- _What is expected_: The expected output is exactly the lines below, starting at the line with "Property building, Spring, Day, Garden, Garden" and ending at the line with "DreamBid. Zdjęcie 1.", both included; no other line belongs in it.

- _Data to use_:
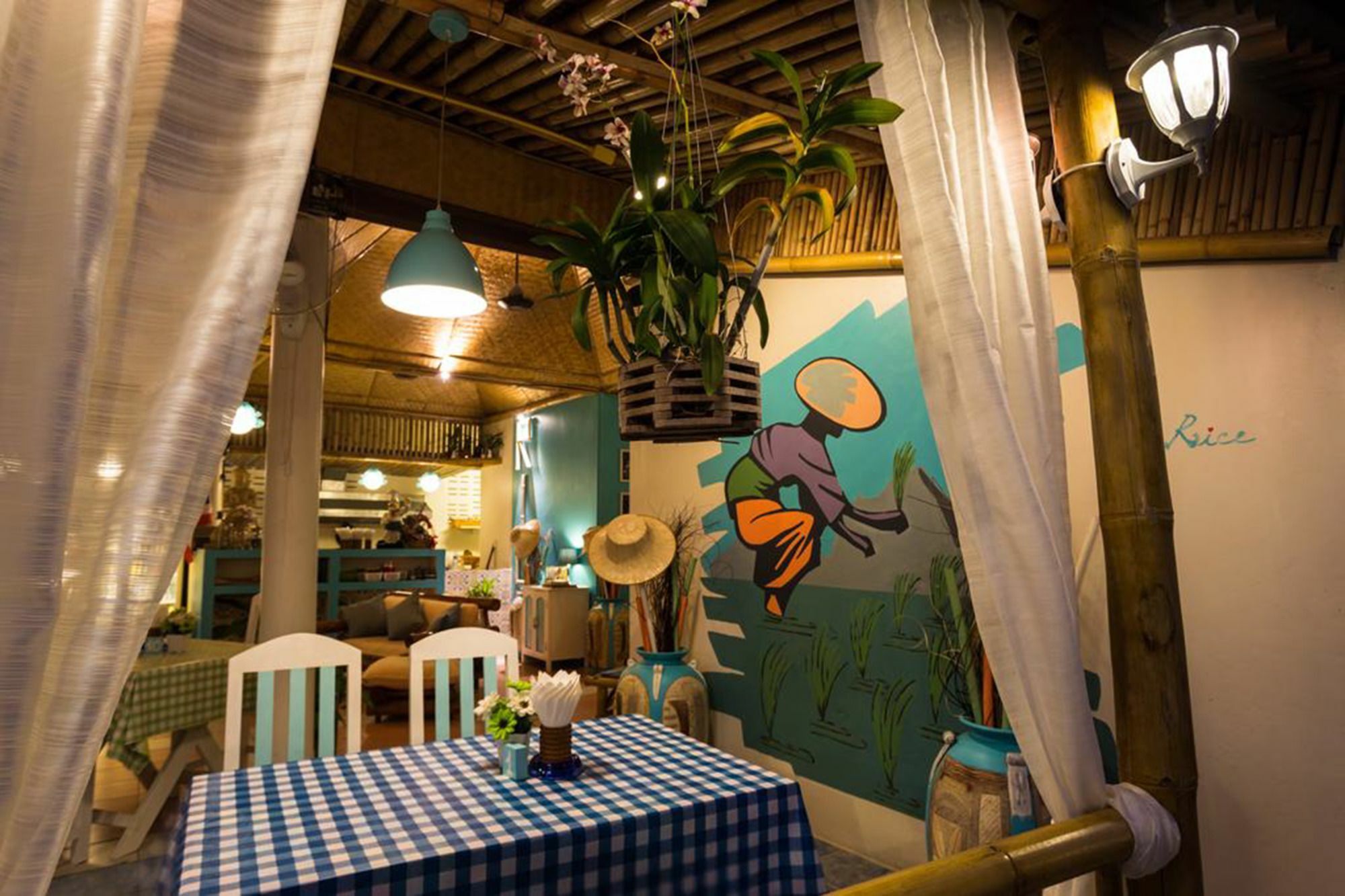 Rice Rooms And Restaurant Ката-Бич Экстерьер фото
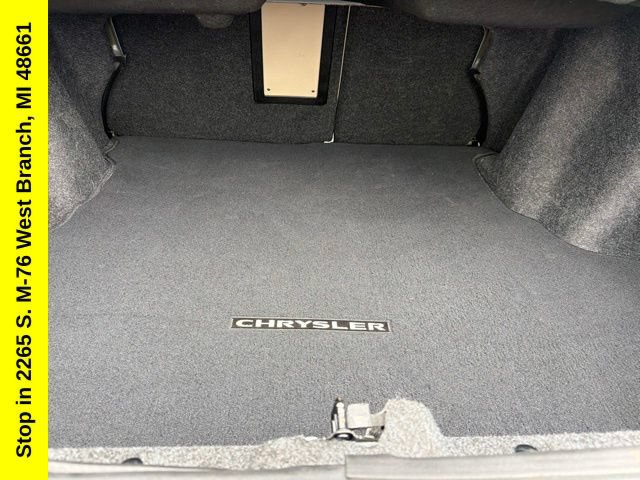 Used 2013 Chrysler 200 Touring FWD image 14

--

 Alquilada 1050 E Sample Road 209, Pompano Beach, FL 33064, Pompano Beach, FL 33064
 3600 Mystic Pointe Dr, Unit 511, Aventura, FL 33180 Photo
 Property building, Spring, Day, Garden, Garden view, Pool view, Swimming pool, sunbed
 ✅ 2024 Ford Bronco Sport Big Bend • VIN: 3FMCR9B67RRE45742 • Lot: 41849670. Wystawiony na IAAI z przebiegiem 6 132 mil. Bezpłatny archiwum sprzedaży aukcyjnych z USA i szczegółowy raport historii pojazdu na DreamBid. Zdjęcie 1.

- _Task solution_:
 Property building, Spring, Day, Garden, Garden view, Pool view, Swimming pool, sunbed
 ✅ 2024 Ford Bronco Sport Big Bend • VIN: 3FMCR9B67RRE45742 • Lot: 41849670. Wystawiony na IAAI z przebiegiem 6 132 mil. Bezpłatny archiwum sprzedaży aukcyjnych z USA i szczegółowy raport historii pojazdu na DreamBid. Zdjęcie 1.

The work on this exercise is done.